Base64 is one of the major encoding schemes of data. It converts documents with 8bit data such as emails to ASCII code. It is also used to embed images into websites. For example, Python has a base64 module to support these encodings and decoding, which can be easily used as below.
>>>import base64
>>>string = "string to be encoded"
>>>encoded = base64.b64encode(b'string')
b'c3RyaW5n'
>>decoded = base64.b64decode(encoded)
b'string'
Here, we will look into Base64 without using these libraries to fully understand what is going on.
How does it work?
Let’s look at the encoding scheme first. As an example, we will encode the string “Hello”.
First, we convert each character to a hex code, then convert it into binary. Next, we break it up into a group of 6 bits. If the last group is shorter than 6 bits, add 0. For each group, convert it to a corresponding character using a Base64 table. This table can be found on the internet. We then group it into 4 characters. If the last group is less than 4 characters, add =.
H | e | l | l | o
0x48 | 0x65 | 0x6c | 0x6c |0x6f
01001000 | 01100101 | 01101100 | 01101100 | 01101111
010010 | 000110 | 010101 | 101100 | 011011 | 000110 | 111100
S | G | V | s | b | G | 8
SGVs | bG8=
So now we have “SGVsbG8=”.
Next, we will look at the decoding scheme.

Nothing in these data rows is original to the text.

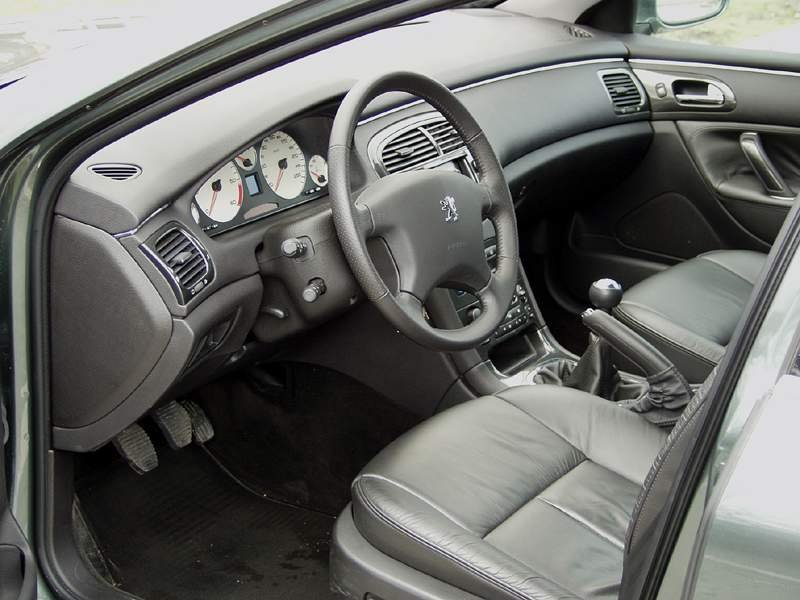 Peugeot 607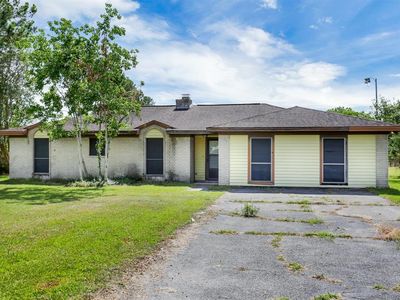 2862 County Road 936a, Alvin, TX, 77511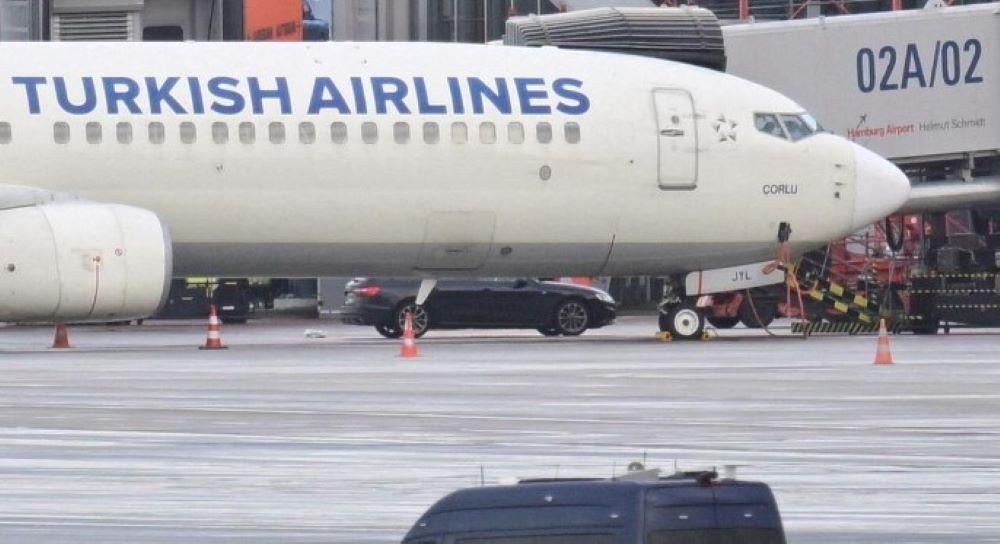 Hamburger Flughafen noch immer gesperrt - Geiselnehmer soll weiterhin schwer bewaffnet sein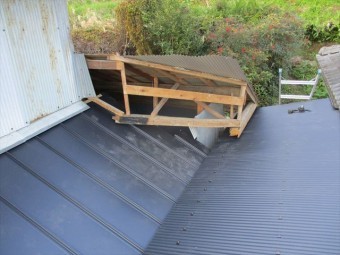 美咲町 屋根リフォーム ガルバリウム鋼板縦葺き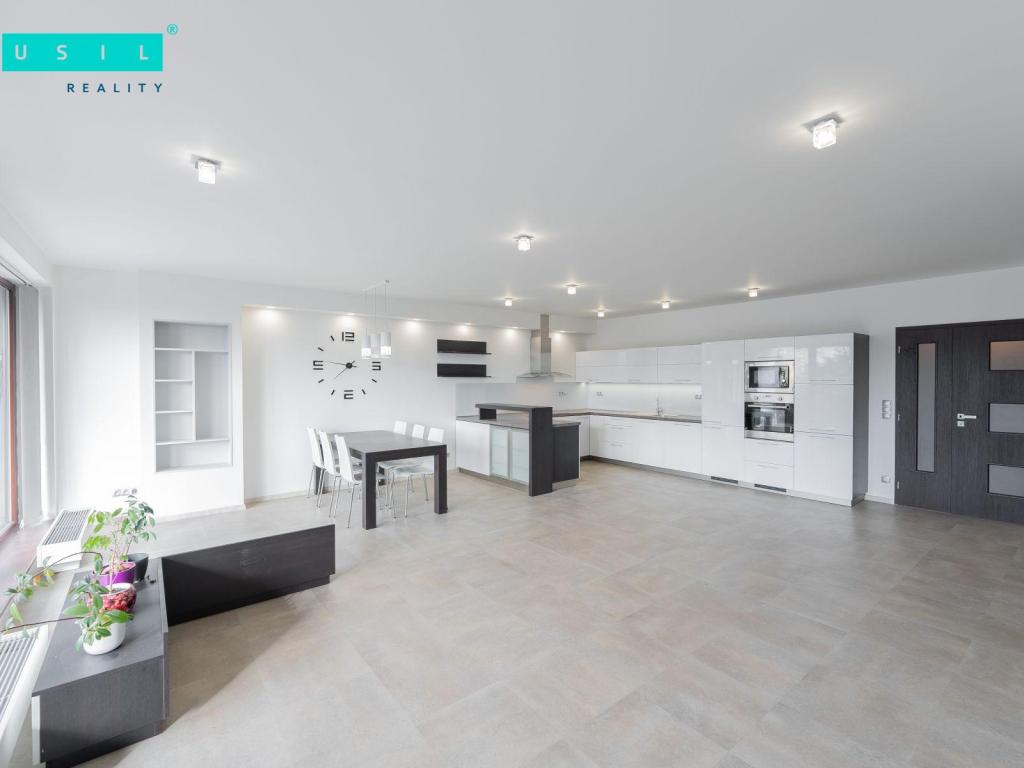 Pronájem bytu 3+kk 112 m2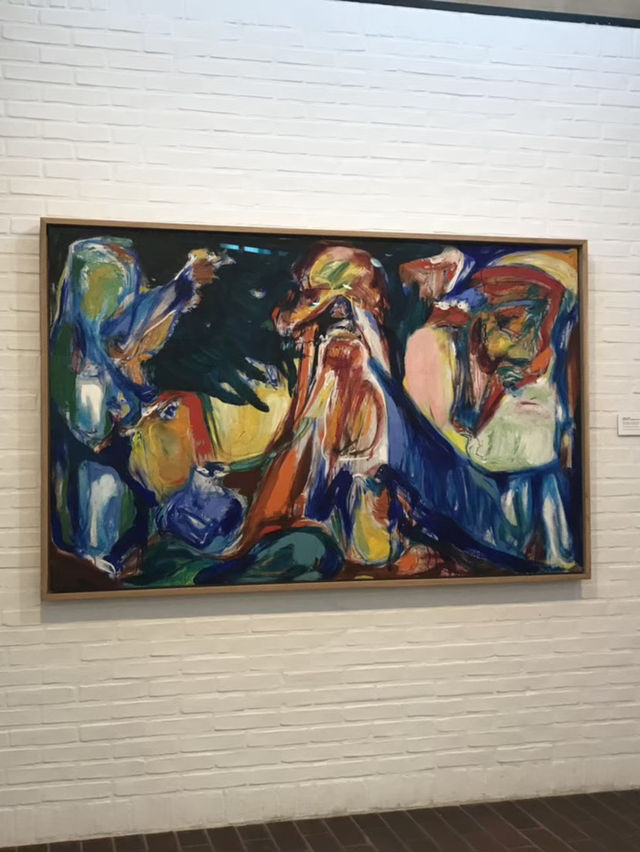 海に浮かぶアートの楽園！？感性がととのう「ルイジアナ現代美術館」（デンマーク・フムレベック）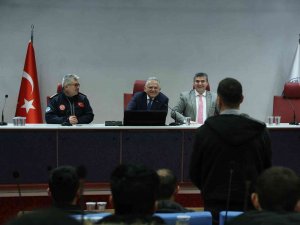 Başkan Büyükkılıç, Göreve Yeni Başlayan İtfaiyecilerle Bir Araya Geldi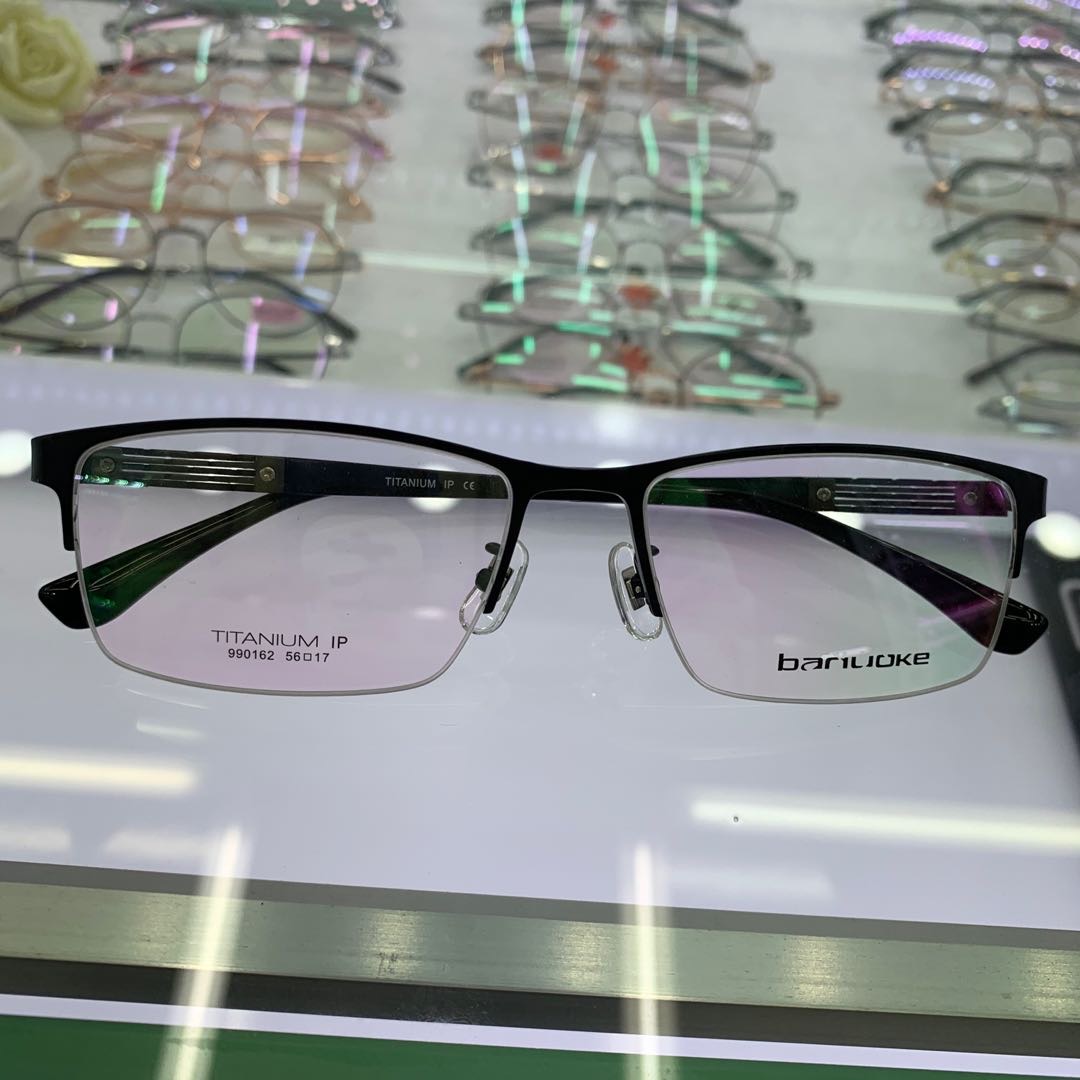 The long student myopia glasses are simple and practical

When decoding a string, we need to be careful not to decode the = sign altogether. The = appears at the end of the string, and at the most 2 times. After that, we just need to trace back the encoding scheme.
Decoding code in Python
def decode_base64(ct):
#remove = if there is one
ct = ct.replace('=', '')
#from the base64 table, convert it to binary
base64_dict = {"110000": "w", "110001": "x", "110101": "1", "110100": "0", "010100": "U", "010101": "V", "001100": "M", "001101": "N", "011110": "e", "011111": "f", "001001": "J", "001000": "I", "011011": "b", "011010": "a", "000110": "G", "000111": "H", "000011": "D", "000010": "C", "100100": "k", "100101": "l", "111100": "8", "111101": "9", "100010": "i", "100011": "j", "101110": "u", "101111": "v", "111001": "5", "111000": "4", "101011": "r", "101010": "q", "110011": "z", "110010": "y", "010010": "S", "010011": "T", "010111": "X", "010110": "W", "110110": "2", "110111": "3", "011000": "Y", "011001": "Z", "001111": "P", "001110": "O", "011101": "d", "011100": "c", "001010": "K", "001011": "L", "101101": "t", "000000": "A", "000001": "B", "100111": "n", "100110": "m", "000101": "F", "000100": "E", "111111": "/", "111110": "+", "100001": "h", "100000": "g", "010001": "R", "010000": "Q", "101100": "s", "111010": "6", "111011": "7", "101000": "o", "101001": "p"}
ct_bi = ""
for i in ct:
keys = [k for k, v in base64_dict.items() if v == i]
keys_str = "".join(keys)
ct_bi += keys_str
#brake it into 8 bits, remove the 0 left
ct_bi = [ct_bi[i:i+8] for i in range(0, len(ct_bi), 8)]
if len(ct_bi[-1]) != 8:
ct_bi.pop()
#convert to binary
ct_binary = []
for i in ct_bi:
ct_binary.append(i.encode())
#convert to hex
ct_hex = []
for i in ct_binary:
ct_hex.append(hex(int(i, 2)))
#convert to char
ct_decode = ""
for i in ct_hex:
ct_decode += chr(int(i, 16))
return ct_decode
It is possible to decode a properly encoded string with the above code. However, to use this in practice, you must deal with unexpected characters that might appear in the original string.
One problem with this encoding scheme is that it increases the amount of data significantly. So sending large files via email is not very efficient.
Sometimes, it is a good idea to code without using libraries to deepen your understanding!